Online service development in java – a beginner’s guide

November 4, 2012 1 comment

In the coming series of posts, I will share my development experience (code included) with creating an online service from scratch.  If you read through all posts, you should reach a point where you are capable of writing code and deploying it to a production like environment which is available online, using some of the latest (and greatest) open source libraries available in java.  You will definitely not be at the end of the journey, but will get a pretty good head start.

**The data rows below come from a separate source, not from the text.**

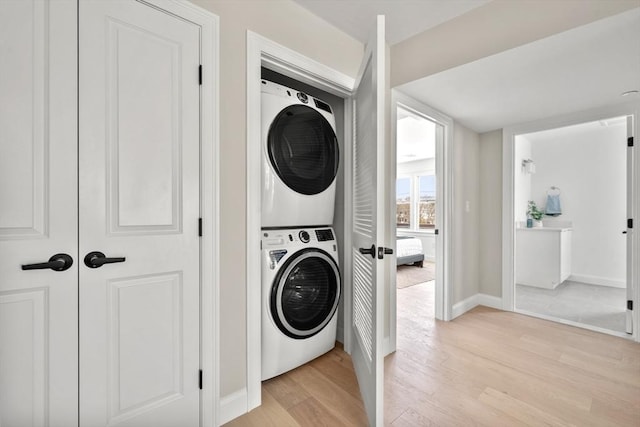 laundry area with laundry area, light wood-style flooring, stacked washer and clothes dryer, and baseboards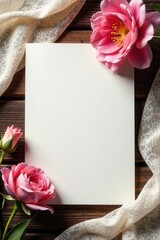 Blank notecard on wooden surface; delicate floral accents, flowing fabric, simple, clean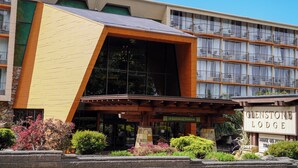 A hotel with a modern architectural design, featuring a prominent entrance with a wooden overhang and a sign that reads "Glenstone Lodge".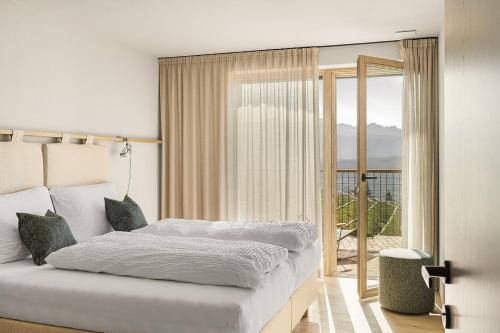a bedroom with a bed and a large window at Nikolausberg - Hof im Garten in Caldaro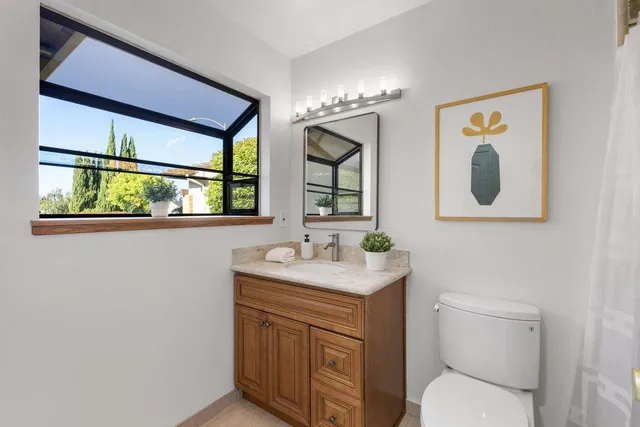 a vase of flowers sitting on a table in a kitchen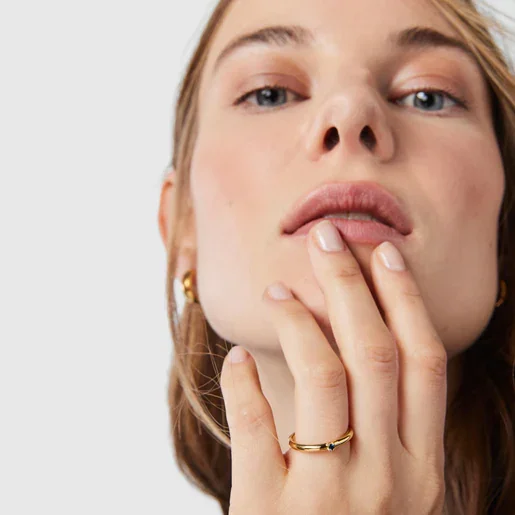 Model with gold ring with small sapphire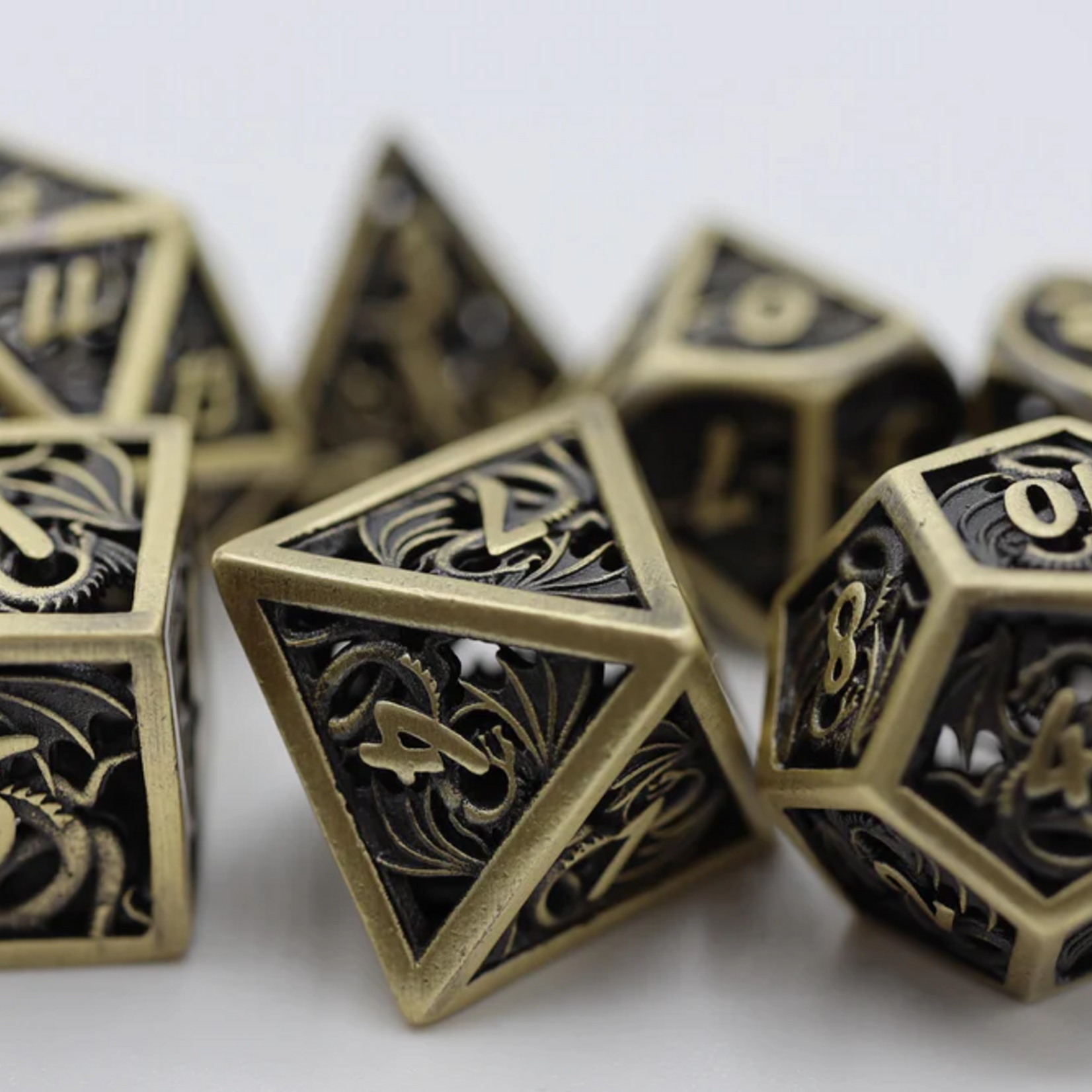 Foam Brain Games Dragon Essence Bronze Hollow Metal Polyhedral 7 die set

I’ve created a sample project, which basically does nothing (well, almost nothing), but it does so in a (semi) secure way, using several top libraries.  Basic service, is a service which lets you register, login, and… do nothing.  But, it does so using:

Spring, Maven, ESAPI (+AppSensor) for input validation, JSP’s (JSTL+Tiles 2), jQuery (+UI), Mongo DB, Logback, Jackson, Mockito (+PowerMock) for unit testing, and it does it in a RESTful way, using complete Data and Presentation separation (all JSP’s get their data through REST requests, meaning you can add easily add mobile support without almost any change to the  interface), and is fully internationalized (currently supports hebrew and english, meaning we have RTL languages covered).  The complete source code for Basic service is available on google code, it is a fully functional (and GPL open source) example of combining all of these technologies , which means that you can concentrate on the next steps rather than spend time building the foundation from scratch.  It took me about 3 months to go through all the baby steps in each of those technologies (after spending some time picking the right ones of course), I hope this series will save you at least some of that time.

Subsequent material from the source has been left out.